I look to the ceiling of the vehicle for divine intervention. None comes. “If I win,” I say, “you stop whistling.”


He links his pinkie with mine. “Deal.”


We pull apart, and as we do the call comes over: “48-Adam…” the dispatcher’s voice crackles.


“48-Adam,” Bronson radios back.


“Respond to the OB-labor that’s coming over. Acknowledge.”


OB-labor?


“That’s heavy breathing!” I shout. “I win!”


“You said asthma,” he shoots back.


“Close enough!”


He shakes his head. “Women in labor have pain.
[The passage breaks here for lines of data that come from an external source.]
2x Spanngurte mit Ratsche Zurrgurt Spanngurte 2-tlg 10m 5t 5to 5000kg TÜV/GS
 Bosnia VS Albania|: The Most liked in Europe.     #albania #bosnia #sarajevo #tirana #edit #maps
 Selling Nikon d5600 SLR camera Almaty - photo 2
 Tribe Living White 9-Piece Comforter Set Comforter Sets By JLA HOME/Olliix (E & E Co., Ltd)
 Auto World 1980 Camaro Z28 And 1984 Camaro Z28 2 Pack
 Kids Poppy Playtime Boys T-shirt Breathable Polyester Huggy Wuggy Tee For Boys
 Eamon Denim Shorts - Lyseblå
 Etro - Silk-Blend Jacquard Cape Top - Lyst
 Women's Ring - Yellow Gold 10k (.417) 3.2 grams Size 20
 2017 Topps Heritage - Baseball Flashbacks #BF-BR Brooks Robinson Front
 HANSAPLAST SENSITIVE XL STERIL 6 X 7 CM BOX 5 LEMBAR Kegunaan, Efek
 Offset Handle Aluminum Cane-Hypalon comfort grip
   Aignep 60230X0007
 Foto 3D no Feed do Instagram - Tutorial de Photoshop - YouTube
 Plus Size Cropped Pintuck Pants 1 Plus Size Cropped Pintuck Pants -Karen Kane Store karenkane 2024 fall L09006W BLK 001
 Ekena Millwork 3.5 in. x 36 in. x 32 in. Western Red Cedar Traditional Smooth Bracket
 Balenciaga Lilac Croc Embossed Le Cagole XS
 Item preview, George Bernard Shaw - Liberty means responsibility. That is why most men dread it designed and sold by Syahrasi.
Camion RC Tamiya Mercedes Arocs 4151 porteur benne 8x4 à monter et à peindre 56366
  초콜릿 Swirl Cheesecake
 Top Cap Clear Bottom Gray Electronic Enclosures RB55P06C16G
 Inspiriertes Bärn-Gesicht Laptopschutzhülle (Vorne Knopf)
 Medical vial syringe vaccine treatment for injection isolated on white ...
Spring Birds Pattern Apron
Sometimes chest pain.”


I put the truck in gear. “Well, if we don’t get there soon, it’s moot,” I say.


He radios Central. “10-4, show us en route.”


I turn on the lights and sirens, drive to the corner, and stop. “Left or right?”


He drops his head in his hands. “Straight ahead.” I pass through the intersection. As I do, he starts whistling.



Ms. Klopsis is an emergency medical technician for the FDNY. This column details her observations and experiences on the job. Some names and identifying details have been changed to protect the privacy of patients.